Work task: Give back exactly the line containing "Budget skiing holidays: 10" together with all the lines after it, ending at the final line below.

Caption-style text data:
++++++++++

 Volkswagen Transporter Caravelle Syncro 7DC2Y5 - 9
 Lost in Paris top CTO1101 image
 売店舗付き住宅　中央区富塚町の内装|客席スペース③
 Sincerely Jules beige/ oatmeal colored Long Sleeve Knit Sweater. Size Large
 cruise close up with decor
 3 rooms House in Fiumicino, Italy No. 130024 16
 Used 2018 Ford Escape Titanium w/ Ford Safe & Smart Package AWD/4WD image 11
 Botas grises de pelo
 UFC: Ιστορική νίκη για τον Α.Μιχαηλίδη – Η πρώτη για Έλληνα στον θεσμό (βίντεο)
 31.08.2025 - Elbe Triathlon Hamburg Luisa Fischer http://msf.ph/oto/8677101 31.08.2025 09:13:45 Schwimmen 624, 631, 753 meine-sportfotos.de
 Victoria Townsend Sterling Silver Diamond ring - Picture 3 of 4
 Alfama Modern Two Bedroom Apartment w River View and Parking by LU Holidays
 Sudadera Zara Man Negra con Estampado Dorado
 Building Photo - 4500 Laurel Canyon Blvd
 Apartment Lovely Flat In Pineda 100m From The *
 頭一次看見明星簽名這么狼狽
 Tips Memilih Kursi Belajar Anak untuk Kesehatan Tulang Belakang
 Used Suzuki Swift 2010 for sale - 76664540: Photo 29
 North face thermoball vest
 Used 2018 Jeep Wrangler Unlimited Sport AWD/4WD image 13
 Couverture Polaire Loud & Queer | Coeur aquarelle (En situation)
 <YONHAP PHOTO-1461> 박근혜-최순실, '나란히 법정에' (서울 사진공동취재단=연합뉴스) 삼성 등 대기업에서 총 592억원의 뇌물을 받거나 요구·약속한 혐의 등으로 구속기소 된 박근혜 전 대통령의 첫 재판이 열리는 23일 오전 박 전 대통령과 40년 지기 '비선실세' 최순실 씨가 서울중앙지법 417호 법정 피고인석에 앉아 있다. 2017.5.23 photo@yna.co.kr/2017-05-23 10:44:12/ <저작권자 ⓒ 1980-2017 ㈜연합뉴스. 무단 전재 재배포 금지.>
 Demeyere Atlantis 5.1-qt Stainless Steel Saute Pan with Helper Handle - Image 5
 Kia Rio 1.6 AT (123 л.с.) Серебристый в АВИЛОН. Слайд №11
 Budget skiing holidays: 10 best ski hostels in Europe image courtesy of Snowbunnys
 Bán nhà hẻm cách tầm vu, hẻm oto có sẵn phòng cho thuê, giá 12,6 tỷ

++++++++++

Response:
 Budget skiing holidays: 10 best ski hostels in Europe image courtesy of Snowbunnys
 Bán nhà hẻm cách tầm vu, hẻm oto có sẵn phòng cho thuê, giá 12,6 tỷ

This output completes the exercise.